P VS NP, NP Complete, NP Hard
Introduction
In computer science, the P VS NP is a famous unsolved theoretical computer science problem that has profound implications for many fields if a proof could be given. The P VS NP problem asks whether problems that can be verified in polynomial time can also be solved in polynomial time. The definitions of P, NP, the commonly seen NP-complete and NP-hard, as well as their relationships, could be confusing.
In this blog post, I would like to make a quick introduction to the P VS NP problem.
Deterministic VS Non-Deterministic Turing Machine
Turing machines are useful models of real computers and can be used for implementing any computer algorithm. The original P VS NP problem was proposed in the settings of deterministic and non-deterministic Turing machines.
Let’s check what deterministic and non-deterministic Turing machines are first.
Deterministic Turing Machine
In a deterministic Turing machine (DTM), the set of rules prescribes at most one action to be performed for any given situation. The input is said to be accepted by DTM if DTM ends up with an accept state.
Non-Deterministic Turing Machine
In contrast to a deterministic Turing machine, in a nondeterministic Turing machine (NTM) the set of rules may prescribe more than one action to be performed for any given situation. The input is said to be accepted by NTM if and only if at least one of the possible computational paths starting from that input puts the machine into an accept state.
Deterministic VS Non-Deterministic Turing Machine
The difference between DTM and NTM is that, the transition relation of DTM is a (one-to-one mapping) function rather than just a relation.
It’s also obvious that DTM is a special case of the NTM.
Simulating Non-Deterministic Turing Machine
It’s not difficult to imagine that NTM can be simulated using DTM. For example, if we simulate the NTM using a DTM that performs a breadth-first search on the NTM’s computation tree, until it finds a leaf of an accept state. Suppose the length of the shortest accept computation of the NTM is $d$, the computation complexity of simulating NTM using DTM breadth-first search is $O(b^d)$ where $b$ is the “branching factor” of the graph (the average out-degree).
Non-Deterministic Turing Machine for the Travelling Salesman Problem
There is a decision version of the travelling salesman problem. Given an input matrix of distances between $n$ cities, the problem is to determine if there is a route visiting all cities with total distance less than $k$.
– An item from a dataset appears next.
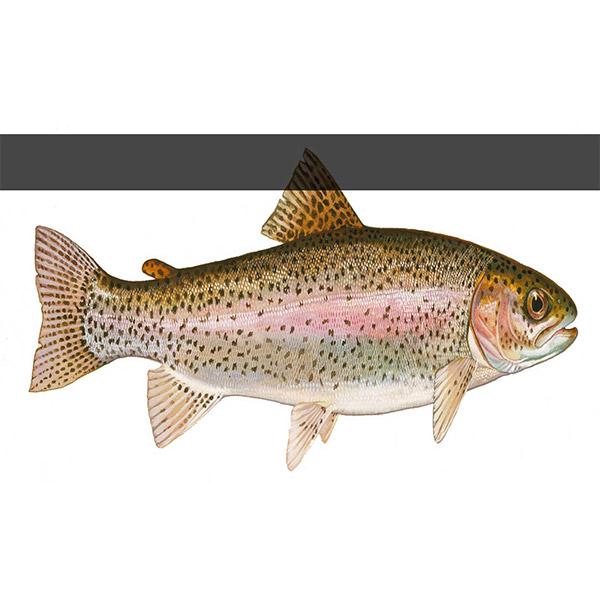 Trout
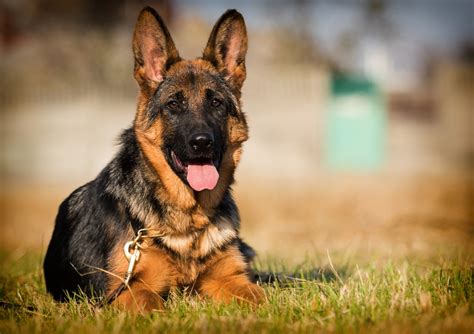  German Shepherds are one of the most popular dogs in the United States, …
Using a DTM to find the answer to this problem seems to be difficult and time consuming. But if someone proposed a route solution, a DTM can verify the solution to the problem in $O(n)$ time.
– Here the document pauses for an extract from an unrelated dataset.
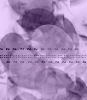 dfgxbg13
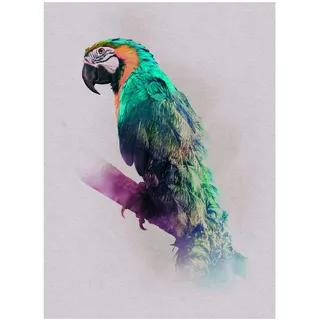 KOMAR Wandbild Animals Parrot 30 x 40 cm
In contrast, a NTM can find such a route as follows:
- At each city it visits it will “guess” the next city to visit, until it has visited every vertex. If it gets stuck, it stops immediately.
- At the end it verifies that the route it has taken has cost less than $k$ in $O(n)$ time.
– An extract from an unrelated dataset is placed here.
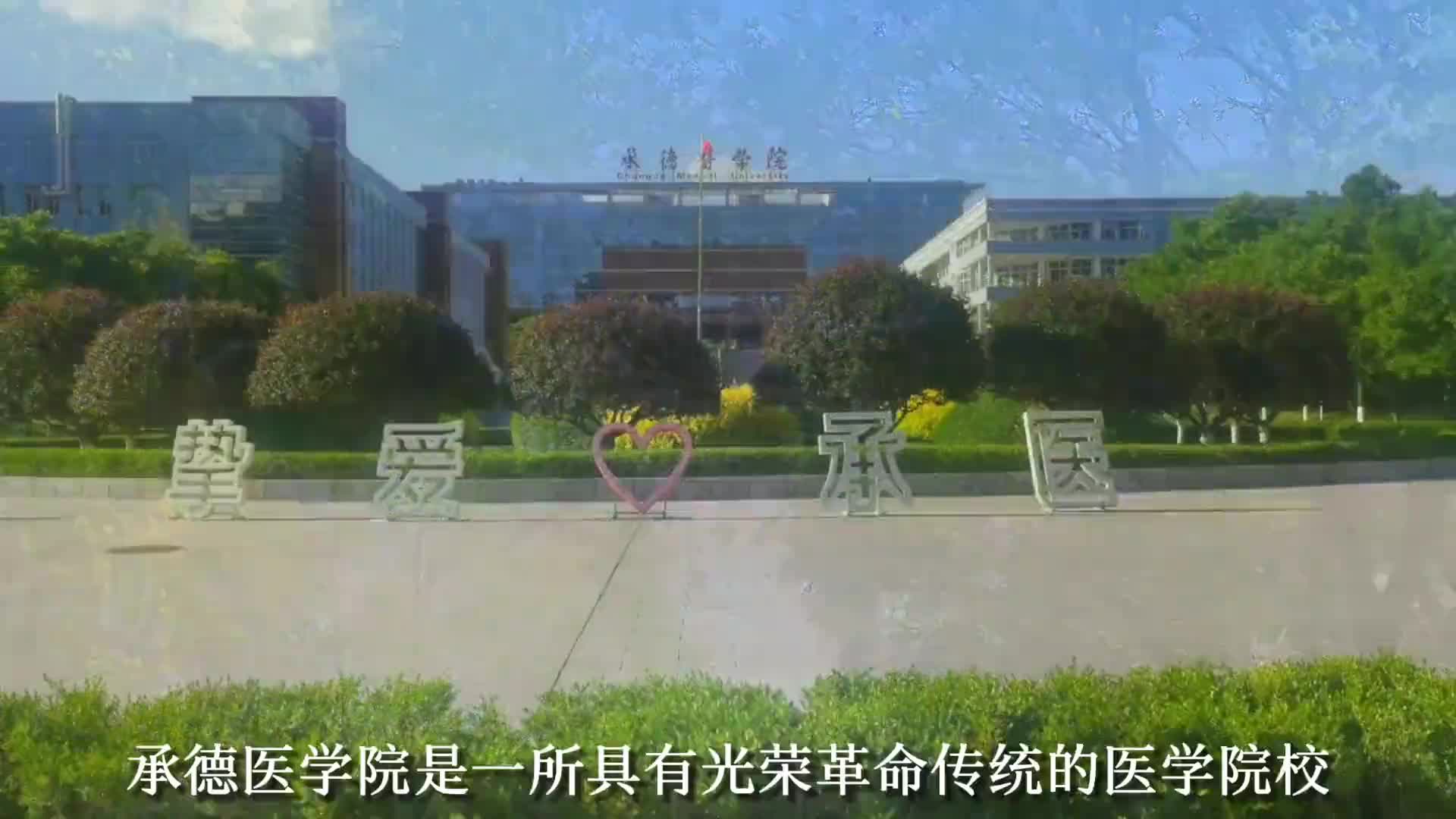 【大学图鉴】河北高校合集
Thus, a NTM can solve the problem in $O(n)$ time.
Using a DTM breadth-first search to simulate the NTM in this case is no difference from using a DTM to check all the possible routes in a brute-force fashion, which takes $O(n \times n!)$ time.
In fact, because the DTM verification accept computation path is just one of the NTM solution accept computation paths, a DTM can verify the solution to the problem in $O(n)$ time if and only if a NTM can solve the problem in $O(n)$ time.
Now we come up with a question. Given a problem whose solution can be quickly verified by DTM, such as the decision version of the travelling salesman problem mentioned above, can it also be solved by DTM quickly? Even though I said “Using a DTM to find the answer to this problem seems to be difficult and time consuming”, I could not show any proof that a DTM that can solve such a problem quickly does not exist. This leads to the famous P VS NP problem.
P VS NP
Understanding the famous P VS NP problem is all about understanding the definitions. Let’s check the definitions of P, NP, NP-complete and NP-hard, and then understand the implications of P = NP and P ≠ NP.
P
In computational complexity theory, P is a fundamental complexity class that contains all decision problems that can be solved by a deterministic Turing machine using a polynomial amount of computation time, or polynomial time.
NP
In computational complexity theory, NP (nondeterministic polynomial time) is a complexity class used to classify decision problems. NP is the set of decision problems for which the problem instances, where the answer is “yes”, have proofs verifiable in polynomial time by a deterministic Turing machine, or alternatively the set of problems that can be solved in polynomial time by a nondeterministic Turing machine.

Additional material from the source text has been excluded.